The effort to add search ads to Apple Maps has already been explored internally. Such a feature would probably work similarly to search ads in the App Store. For instance, a Japanese restaurant could pay money to rank at the top of local listings when users searched for “sushi.” If you’ve used Yelp, you already get the idea.
In the books and podcast apps, publishers could pay for their work to appear higher in results—or in ads placed throughout the apps. Publishers have long been able to sell books inside of the Apple Books app, and subscribing to podcasts could be tied to advertising as well.
An ad-supported TV+, meanwhile, could offer older shows for a lower price—and help promote the paid offering.

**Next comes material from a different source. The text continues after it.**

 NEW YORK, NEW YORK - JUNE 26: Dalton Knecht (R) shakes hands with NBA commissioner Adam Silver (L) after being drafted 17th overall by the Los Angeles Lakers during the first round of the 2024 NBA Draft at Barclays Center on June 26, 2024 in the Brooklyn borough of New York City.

Now the only question is whether the customers of Apple—a champion of privacy and clean interfaces—are ready to live with a lot more ads.
The Bench
Apple dramatically cuts back on acquisitions. Over the last decade-plus, the iPhone maker bought all sorts of companies that led to major new advancements. Take the case of Siri, which began life as a startup. Without Apple buying that company in 2010, its aggressive push into artificial intelligence and voice assistants may never have happened. AuthenTec and PrimeSense, which led to Touch ID and Face ID, are also unforgettable transactions.
That dealmaking streak has continued over the years, leading to new services like the updated Weather app in iOS 16, Apple Music and Apple News. But while the company has acquired well over 100 businesses during current Cook’s tenure, takeovers have slowed to a trickle over the past two years.
In fiscal year 2021, Apple only spent $33 million on M&A. To repeat: “million,” with an “m.” That's an outrageously small amount compared with spending by rivals like Microsoft Corp., Meta Platforms Inc. and Amazon.com Inc. This year so far? Apple has only spent $169 million, according to recent filings. I take a look here at Apple’s slowing M&A outlays, why the shift has occurred and where the company may go from here.
Peloton raises prices, slashes jobs and says it will close many retail stores. Nearly six months to the day that Peloton fired its co-founder as CEO and appointed Netflix and Spotify Technology SA veteran Barry McCarthy, the fitness company is going through another shake-up.